My leather jacket will as well. Even though I got it at a Thrift shop, it’s a good coat. If you wear it with that heavy sweater in the bag, you will stay warm through this cold snap.
I’m ticked off about the sunglasses. They were my birthday present a few years back. I allowed Shan to spend a ridiculous amount on them and I took such good care of them.
But I can get new sunglasses.
I can’t replace the letter from my sister that I have carried in my wallet for years. Nor can I replace the little book I made. Or the journal I was using for my next project.
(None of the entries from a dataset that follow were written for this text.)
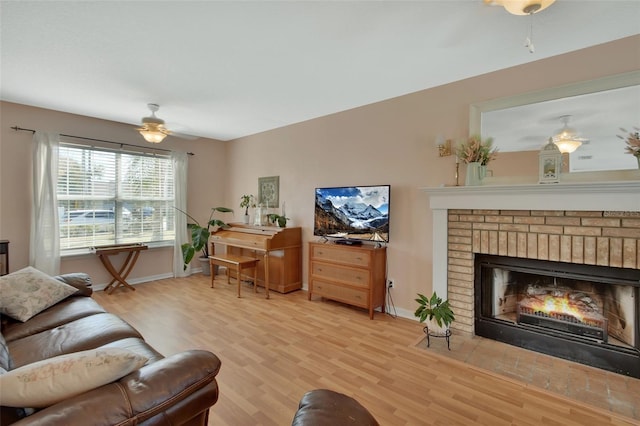 living room featuring light wood-type flooring, a brick fireplace, ceiling fan, and baseboards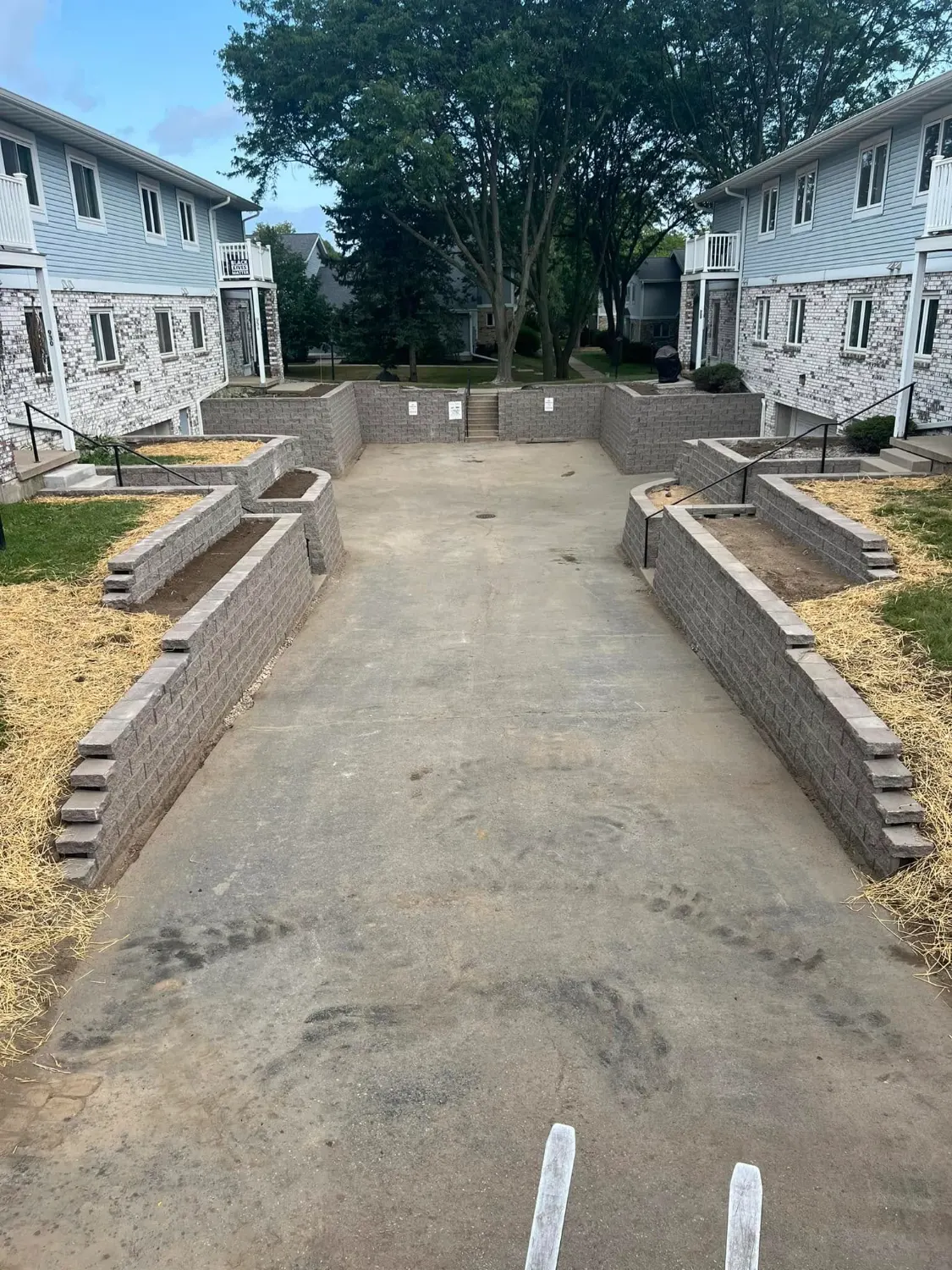 The rebuilt courtyard with tiered segmental block walls, planting beds and new handrails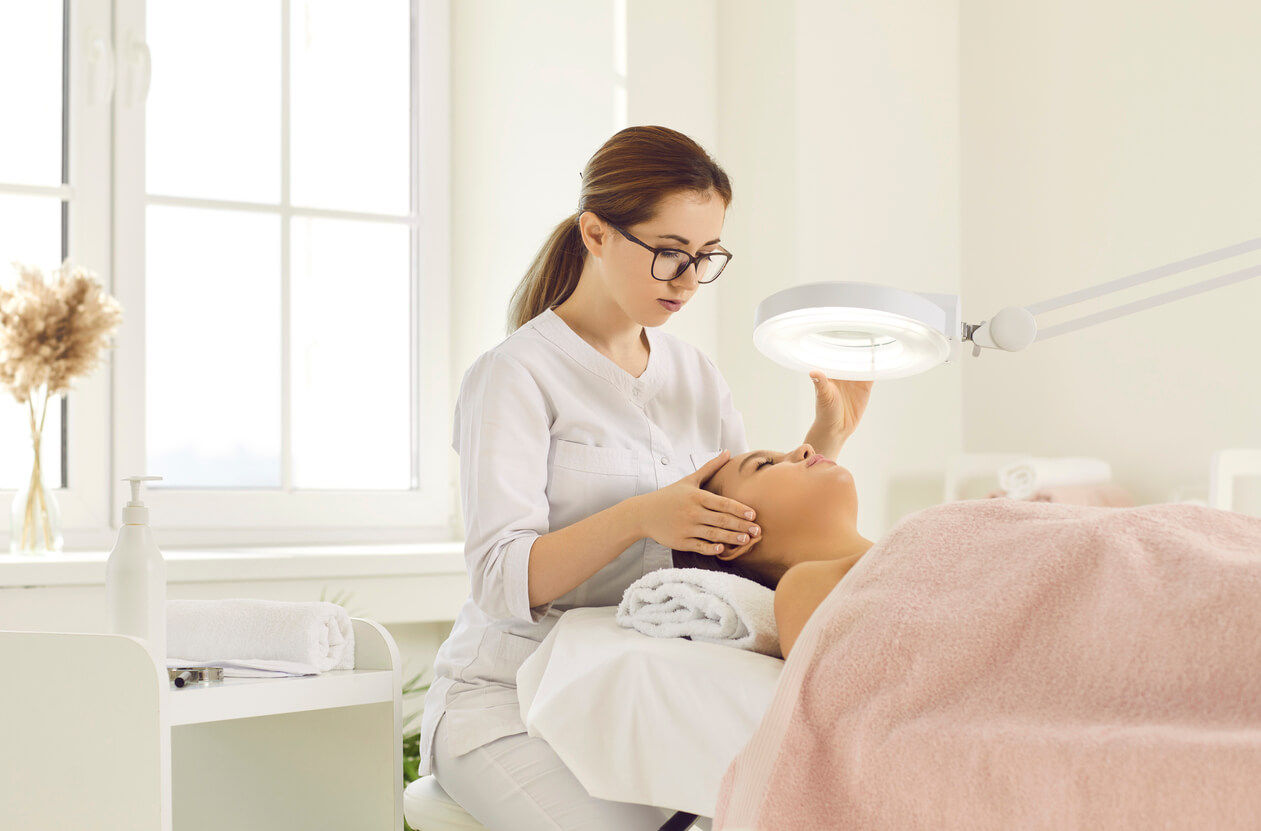 Esthetician examining a client’s skin under a magnifying lamp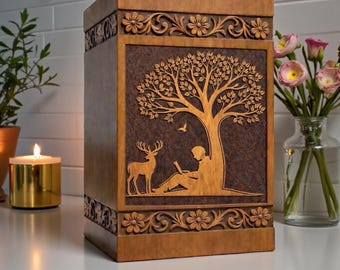 Può includere: Un'urna funeraria rettangolare in legno con un pannello centrale marrone scuro caratterizzato da un rilievo intagliato di una persona seduta sotto un albero con un cervo. I bordi superiore e inferiore presentano motivi floreali intagliati.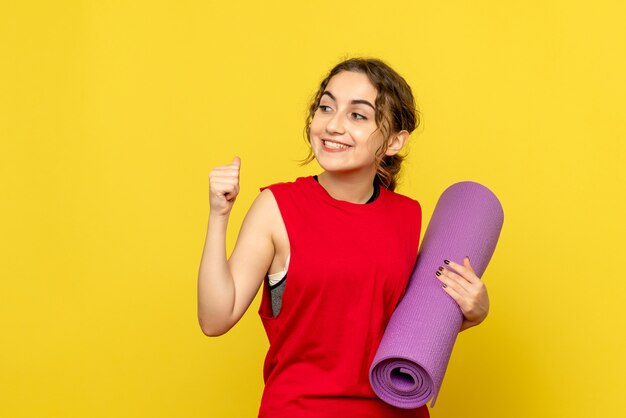 Front view of young woman holding purple carpet on a yellow wall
I’m a writer, you see, and I keep wondering about your backstory. In my stories, I always hint at how my villains became who they are. I think it’s because I used to teach at-risk youth and I know perfectly well why some people end up in trouble.
What is your back story?
Are you like the boy I knew who was locked in his bedroom by his abusive father? Or the one who had his hair set on fire? Maybe you were like the many children I knew who were foster kids in homes that didn’t care about them. Perhaps you were one of those who basically raised yourself. I saw a lot of pain in that job. And pain creates pain.
Whatever your story is, I doubt it’s good. I’m sorry about that.
I wish you had just taken the warm clothes, the cash and credit card, and left the rest.
I wish I could write you a happy ending.
I wish we lived in a world where you could ask for help, and get it.
The zipper on the sweater sticks a little. Just be gentle, and you’ll be okay.